And sometimes they’ll balance against each other and you’ll come out exactly where we forecast. And sometimes they’ll — you’ll have been conservative a little more than you were non-conservative, and you’ll end up — where we are, which is a little better revenue in the quarter than we had expected.

Jeff Silber — BMO Capital Markets — Analyst

Okay, great. And then, just on more follow-up on the system downtime issues — are there any funding issues related to that? What I mean by that — do certain states require a certain number of minimum hours, and because of this issue, some of the funding may be at risk?

Ron Packard — K12 Inc. — Founder and CEO

No, we don’t anticipate — I mean, again, the system downtime was very little. It’s basically a blip in the radar screen. But, obviously, we want to be up 100% of the time. But to even have an hour, to us, is a lot. So — but, no, we don’t anticipate that.

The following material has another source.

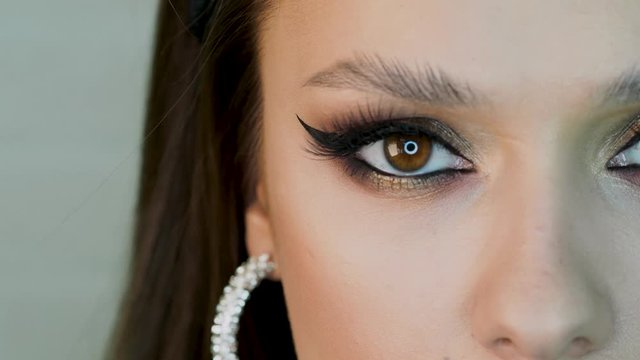 Glamorous bright eye makeup, women's eyes close-up. girl opens her eyes and looks at the camera, lush lashes and Golden eyeshadow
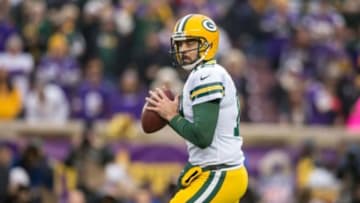 Nov 23, 2014; Minneapolis, MN, USA; Green Bay Packers quarterback Aaron Rodgers (12) passes against the Minnesota Vikings in the first quarter at TCF Bank Stadium. Mandatory Credit: Bruce Kluckhohn-USA TODAY Sports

Jeff Silber — BMO Capital Markets — Analyst

Okay, great. Thanks. I’ll drop back in the queue.

Operator

Your next question comes from the line of Amy Junker from Robert Baird. Please proceed.

Amy Junker — Robert W. Baird & Company, Inc. — Analyst

Thanks, and good morning. If I could just touch, again, on the gross margin, as we — for the full year, as we think about that — as high school continues to ramp as a percentage of total revenue, John, would you expect that to be down again year-over-year, just as that grows, and as managed schools ramp up as a percentage of the total?

So, should we expect a continued contraction there? Or, could we see some leverage in that line item?

John Baule — K12 Inc. — COO & CFO

I think we’re going to give more detailed guidance on that for the year — well, at least with operating margins when we do the next-quarter call. It’s hard to say at this point.

I mean, I think what we’ve said all along is that we think, over time, our high school margins will improve and approximate our K-through-eight. But whether that happens next year or longer term, we’re not sure yet.

Amy Junker — Robert W. Baird & Company, Inc. — Analyst

Okay. And then, if I could just ask, perhaps — on some of the states that you have caps in — Texas recently doubled its cap. What do you think is the potential for other states?

And I think you’re in, maybe, seven that have caps right now, not including South Carolina and the newer states, but to move those states — to move those caps up are you seeing an increased willingness from the states to broaden those up?

Ron Packard — K12 Inc. — Founder and CEO

Amy, as I’ve mentioned, it’s hard for me to comment on the likelihood of political processes happening and that’s why we don’t build any new states into our models. What I will say is that we’re working very hard to try to continually expand those caps.

And I think the fact that the schools represent a good bargain to taxpayers, they offer a great choice for every single family in those states. And it’s often the only policy change that a state can make that will actually give every family in that state a choice. We’re, obviously, optimistic enough to keep working at this. And I believe, over time, we’ll have success there. But it’s hard for me to predict exactly how much and when.

Amy Junker — Robert W. Baird & Company, Inc. — Analyst

Understand. And then, last question I’ll just ask — on the newer states that you’ve been approved in South Carolina, Hawaii, Oregon, Indiana. Those all have caps on them. Can you share, maybe, a little bit with how those typically ramp?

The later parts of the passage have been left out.